* DESCRIPTION OF THE TASK *
Repeat the listing below word for word, stopping after the line that contains "DiMarzio 500K Custom Taper Potentiometer".
********************
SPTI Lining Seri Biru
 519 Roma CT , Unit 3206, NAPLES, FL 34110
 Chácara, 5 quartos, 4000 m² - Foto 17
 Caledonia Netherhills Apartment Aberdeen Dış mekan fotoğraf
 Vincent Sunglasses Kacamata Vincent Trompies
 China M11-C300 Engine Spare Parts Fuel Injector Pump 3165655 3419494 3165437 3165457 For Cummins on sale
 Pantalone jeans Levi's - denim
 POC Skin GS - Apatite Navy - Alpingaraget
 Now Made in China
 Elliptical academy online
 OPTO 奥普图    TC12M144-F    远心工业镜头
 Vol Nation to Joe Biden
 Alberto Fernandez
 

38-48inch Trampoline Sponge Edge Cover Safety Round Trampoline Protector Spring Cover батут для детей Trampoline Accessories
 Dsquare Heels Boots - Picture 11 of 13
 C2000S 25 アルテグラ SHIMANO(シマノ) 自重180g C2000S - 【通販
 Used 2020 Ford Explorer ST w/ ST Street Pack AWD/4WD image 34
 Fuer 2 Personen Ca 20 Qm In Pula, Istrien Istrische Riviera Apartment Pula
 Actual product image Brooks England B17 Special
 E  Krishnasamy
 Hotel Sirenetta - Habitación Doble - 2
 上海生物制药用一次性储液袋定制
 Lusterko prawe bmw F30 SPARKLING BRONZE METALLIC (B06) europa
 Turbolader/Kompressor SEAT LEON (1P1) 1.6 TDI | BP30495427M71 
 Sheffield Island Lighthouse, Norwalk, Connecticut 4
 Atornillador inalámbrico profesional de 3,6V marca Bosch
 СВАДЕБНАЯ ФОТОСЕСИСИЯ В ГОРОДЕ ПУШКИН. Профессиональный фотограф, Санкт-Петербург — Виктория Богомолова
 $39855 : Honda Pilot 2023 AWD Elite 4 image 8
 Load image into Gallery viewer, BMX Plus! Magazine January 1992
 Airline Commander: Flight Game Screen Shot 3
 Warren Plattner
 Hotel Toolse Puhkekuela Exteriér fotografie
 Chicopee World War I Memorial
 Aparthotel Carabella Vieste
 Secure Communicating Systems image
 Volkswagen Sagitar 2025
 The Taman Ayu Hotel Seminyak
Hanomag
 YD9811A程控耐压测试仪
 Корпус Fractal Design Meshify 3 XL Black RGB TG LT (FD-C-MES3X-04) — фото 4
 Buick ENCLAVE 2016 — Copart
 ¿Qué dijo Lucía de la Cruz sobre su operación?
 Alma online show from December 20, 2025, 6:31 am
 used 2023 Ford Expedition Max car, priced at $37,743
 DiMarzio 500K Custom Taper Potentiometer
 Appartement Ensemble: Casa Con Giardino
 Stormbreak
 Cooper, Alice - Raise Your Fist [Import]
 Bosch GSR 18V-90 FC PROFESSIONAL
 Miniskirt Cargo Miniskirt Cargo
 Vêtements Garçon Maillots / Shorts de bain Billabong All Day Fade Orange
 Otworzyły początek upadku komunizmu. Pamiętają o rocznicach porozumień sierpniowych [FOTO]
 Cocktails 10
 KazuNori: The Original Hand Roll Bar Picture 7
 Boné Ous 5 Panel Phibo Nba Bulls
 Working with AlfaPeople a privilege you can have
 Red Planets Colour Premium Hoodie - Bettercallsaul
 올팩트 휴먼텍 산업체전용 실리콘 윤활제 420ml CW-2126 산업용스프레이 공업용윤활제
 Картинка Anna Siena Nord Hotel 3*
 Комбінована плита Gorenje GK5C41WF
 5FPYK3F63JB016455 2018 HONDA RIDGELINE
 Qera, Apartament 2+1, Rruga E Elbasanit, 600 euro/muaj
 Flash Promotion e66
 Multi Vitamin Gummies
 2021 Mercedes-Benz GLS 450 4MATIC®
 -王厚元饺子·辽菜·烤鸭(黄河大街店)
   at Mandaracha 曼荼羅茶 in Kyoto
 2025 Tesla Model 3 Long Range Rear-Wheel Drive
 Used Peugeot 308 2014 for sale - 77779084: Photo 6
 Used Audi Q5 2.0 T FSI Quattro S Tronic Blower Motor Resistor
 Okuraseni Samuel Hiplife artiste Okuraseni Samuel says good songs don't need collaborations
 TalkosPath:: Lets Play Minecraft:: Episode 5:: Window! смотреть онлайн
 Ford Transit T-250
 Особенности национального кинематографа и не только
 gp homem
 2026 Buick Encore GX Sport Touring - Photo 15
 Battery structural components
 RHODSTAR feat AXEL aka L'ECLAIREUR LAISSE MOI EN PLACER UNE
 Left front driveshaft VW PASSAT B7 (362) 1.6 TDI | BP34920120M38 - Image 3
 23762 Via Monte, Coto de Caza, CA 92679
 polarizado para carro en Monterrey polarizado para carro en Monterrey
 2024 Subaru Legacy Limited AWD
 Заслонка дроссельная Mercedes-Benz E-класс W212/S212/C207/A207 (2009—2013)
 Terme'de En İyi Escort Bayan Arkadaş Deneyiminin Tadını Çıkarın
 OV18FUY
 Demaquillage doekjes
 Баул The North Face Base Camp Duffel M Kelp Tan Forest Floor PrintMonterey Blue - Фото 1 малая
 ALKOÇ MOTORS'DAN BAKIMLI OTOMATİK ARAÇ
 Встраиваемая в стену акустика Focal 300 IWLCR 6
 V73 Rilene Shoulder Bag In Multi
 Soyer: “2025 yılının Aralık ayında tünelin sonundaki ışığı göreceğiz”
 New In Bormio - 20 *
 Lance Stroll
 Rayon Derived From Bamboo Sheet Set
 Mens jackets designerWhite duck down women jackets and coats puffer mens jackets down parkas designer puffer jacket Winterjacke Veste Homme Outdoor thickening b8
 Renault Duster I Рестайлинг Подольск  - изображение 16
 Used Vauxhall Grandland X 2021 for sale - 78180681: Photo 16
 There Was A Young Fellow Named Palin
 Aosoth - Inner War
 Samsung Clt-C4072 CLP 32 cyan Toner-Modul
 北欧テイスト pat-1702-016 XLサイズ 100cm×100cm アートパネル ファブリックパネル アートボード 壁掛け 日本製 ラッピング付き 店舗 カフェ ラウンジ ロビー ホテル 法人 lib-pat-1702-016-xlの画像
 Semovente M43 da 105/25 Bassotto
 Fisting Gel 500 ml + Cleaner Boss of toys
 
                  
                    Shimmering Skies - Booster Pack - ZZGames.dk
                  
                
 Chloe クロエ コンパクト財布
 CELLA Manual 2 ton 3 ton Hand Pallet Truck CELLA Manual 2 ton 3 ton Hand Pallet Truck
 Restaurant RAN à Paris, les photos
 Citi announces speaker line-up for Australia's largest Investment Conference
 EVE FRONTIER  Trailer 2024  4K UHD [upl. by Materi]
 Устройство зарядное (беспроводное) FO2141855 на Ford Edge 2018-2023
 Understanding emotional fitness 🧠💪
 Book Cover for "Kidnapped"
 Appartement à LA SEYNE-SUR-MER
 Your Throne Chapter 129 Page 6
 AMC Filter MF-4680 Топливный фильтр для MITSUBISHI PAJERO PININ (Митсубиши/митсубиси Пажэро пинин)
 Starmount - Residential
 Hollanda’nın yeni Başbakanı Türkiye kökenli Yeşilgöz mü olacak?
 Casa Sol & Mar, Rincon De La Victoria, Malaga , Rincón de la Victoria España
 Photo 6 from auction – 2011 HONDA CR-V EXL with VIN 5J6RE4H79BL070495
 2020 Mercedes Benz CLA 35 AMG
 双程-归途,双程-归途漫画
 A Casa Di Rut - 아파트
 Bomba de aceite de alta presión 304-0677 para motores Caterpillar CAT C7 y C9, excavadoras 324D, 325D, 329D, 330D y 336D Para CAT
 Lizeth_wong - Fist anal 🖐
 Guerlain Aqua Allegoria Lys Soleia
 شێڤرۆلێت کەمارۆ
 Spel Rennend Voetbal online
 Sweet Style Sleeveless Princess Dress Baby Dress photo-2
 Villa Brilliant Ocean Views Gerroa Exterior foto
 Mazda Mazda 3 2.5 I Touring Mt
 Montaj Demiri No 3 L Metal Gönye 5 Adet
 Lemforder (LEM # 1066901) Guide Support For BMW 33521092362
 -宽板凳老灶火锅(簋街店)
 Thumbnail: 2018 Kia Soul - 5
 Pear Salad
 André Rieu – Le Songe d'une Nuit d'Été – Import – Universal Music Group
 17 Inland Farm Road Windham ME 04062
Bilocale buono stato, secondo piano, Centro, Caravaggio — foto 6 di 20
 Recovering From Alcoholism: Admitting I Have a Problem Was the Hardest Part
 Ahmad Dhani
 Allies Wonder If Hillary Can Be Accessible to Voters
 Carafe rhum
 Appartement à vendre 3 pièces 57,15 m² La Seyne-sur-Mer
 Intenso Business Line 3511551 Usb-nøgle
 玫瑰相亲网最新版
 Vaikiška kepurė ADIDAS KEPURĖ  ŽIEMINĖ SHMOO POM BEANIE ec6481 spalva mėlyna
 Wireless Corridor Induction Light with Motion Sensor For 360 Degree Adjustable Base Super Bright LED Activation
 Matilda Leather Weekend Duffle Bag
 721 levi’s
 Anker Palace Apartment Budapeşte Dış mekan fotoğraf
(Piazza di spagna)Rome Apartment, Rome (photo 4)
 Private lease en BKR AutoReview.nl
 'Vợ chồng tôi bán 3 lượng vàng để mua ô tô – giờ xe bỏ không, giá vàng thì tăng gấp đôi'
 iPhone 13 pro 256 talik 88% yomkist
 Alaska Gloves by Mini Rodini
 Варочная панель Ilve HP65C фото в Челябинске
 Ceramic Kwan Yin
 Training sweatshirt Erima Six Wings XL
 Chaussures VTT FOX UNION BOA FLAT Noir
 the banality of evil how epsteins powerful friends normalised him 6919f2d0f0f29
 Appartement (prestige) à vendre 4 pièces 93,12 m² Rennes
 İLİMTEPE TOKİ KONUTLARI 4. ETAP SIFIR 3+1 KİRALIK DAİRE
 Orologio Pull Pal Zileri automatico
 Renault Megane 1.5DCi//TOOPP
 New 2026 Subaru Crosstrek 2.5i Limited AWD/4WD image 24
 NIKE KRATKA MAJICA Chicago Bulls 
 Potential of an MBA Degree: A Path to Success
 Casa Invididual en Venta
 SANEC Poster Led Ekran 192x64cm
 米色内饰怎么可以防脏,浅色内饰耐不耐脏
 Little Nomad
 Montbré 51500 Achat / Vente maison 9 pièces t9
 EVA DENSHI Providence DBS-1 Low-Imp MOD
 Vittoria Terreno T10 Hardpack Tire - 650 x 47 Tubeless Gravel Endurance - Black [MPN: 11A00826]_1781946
********************
* RESPONSE TO THE EXERCISE *
SPTI Lining Seri Biru
 519 Roma CT , Unit 3206, NAPLES, FL 34110
 Chácara, 5 quartos, 4000 m² - Foto 17
 Caledonia Netherhills Apartment Aberdeen Dış mekan fotoğraf
 Vincent Sunglasses Kacamata Vincent Trompies
 China M11-C300 Engine Spare Parts Fuel Injector Pump 3165655 3419494 3165437 3165457 For Cummins on sale
 Pantalone jeans Levi's - denim
 POC Skin GS - Apatite Navy - Alpingaraget
 Now Made in China
 Elliptical academy online
 OPTO 奥普图    TC12M144-F    远心工业镜头
 Vol Nation to Joe Biden
 Alberto Fernandez
 

38-48inch Trampoline Sponge Edge Cover Safety Round Trampoline Protector Spring Cover батут для детей Trampoline Accessories
 Dsquare Heels Boots - Picture 11 of 13
 C2000S 25 アルテグラ SHIMANO(シマノ) 自重180g C2000S - 【通販
 Used 2020 Ford Explorer ST w/ ST Street Pack AWD/4WD image 34
 Fuer 2 Personen Ca 20 Qm In Pula, Istrien Istrische Riviera Apartment Pula
 Actual product image Brooks England B17 Special
 E  Krishnasamy
 Hotel Sirenetta - Habitación Doble - 2
 上海生物制药用一次性储液袋定制
 Lusterko prawe bmw F30 SPARKLING BRONZE METALLIC (B06) europa
 Turbolader/Kompressor SEAT LEON (1P1) 1.6 TDI | BP30495427M71 
 Sheffield Island Lighthouse, Norwalk, Connecticut 4
 Atornillador inalámbrico profesional de 3,6V marca Bosch
 СВАДЕБНАЯ ФОТОСЕСИСИЯ В ГОРОДЕ ПУШКИН. Профессиональный фотограф, Санкт-Петербург — Виктория Богомолова
 $39855 : Honda Pilot 2023 AWD Elite 4 image 8
 Load image into Gallery viewer, BMX Plus! Magazine January 1992
 Airline Commander: Flight Game Screen Shot 3
 Warren Plattner
 Hotel Toolse Puhkekuela Exteriér fotografie
 Chicopee World War I Memorial
 Aparthotel Carabella Vieste
 Secure Communicating Systems image
 Volkswagen Sagitar 2025
 The Taman Ayu Hotel Seminyak
Hanomag
 YD9811A程控耐压测试仪
 Корпус Fractal Design Meshify 3 XL Black RGB TG LT (FD-C-MES3X-04) — фото 4
 Buick ENCLAVE 2016 — Copart
 ¿Qué dijo Lucía de la Cruz sobre su operación?
 Alma online show from December 20, 2025, 6:31 am
 used 2023 Ford Expedition Max car, priced at $37,743
 DiMarzio 500K Custom Taper Potentiometer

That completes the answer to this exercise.